What to do:
The reply should hold every line of the data, unchanged and complete.

**** Raw data

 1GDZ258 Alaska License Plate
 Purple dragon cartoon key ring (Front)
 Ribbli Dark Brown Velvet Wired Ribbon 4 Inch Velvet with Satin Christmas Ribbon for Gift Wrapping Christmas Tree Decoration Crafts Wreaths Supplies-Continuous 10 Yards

********

Exercise response:
 1GDZ258 Alaska License Plate
 Purple dragon cartoon key ring (Front)
 Ribbli Dark Brown Velvet Wired Ribbon 4 Inch Velvet with Satin Christmas Ribbon for Gift Wrapping Christmas Tree Decoration Crafts Wreaths Supplies-Continuous 10 Yards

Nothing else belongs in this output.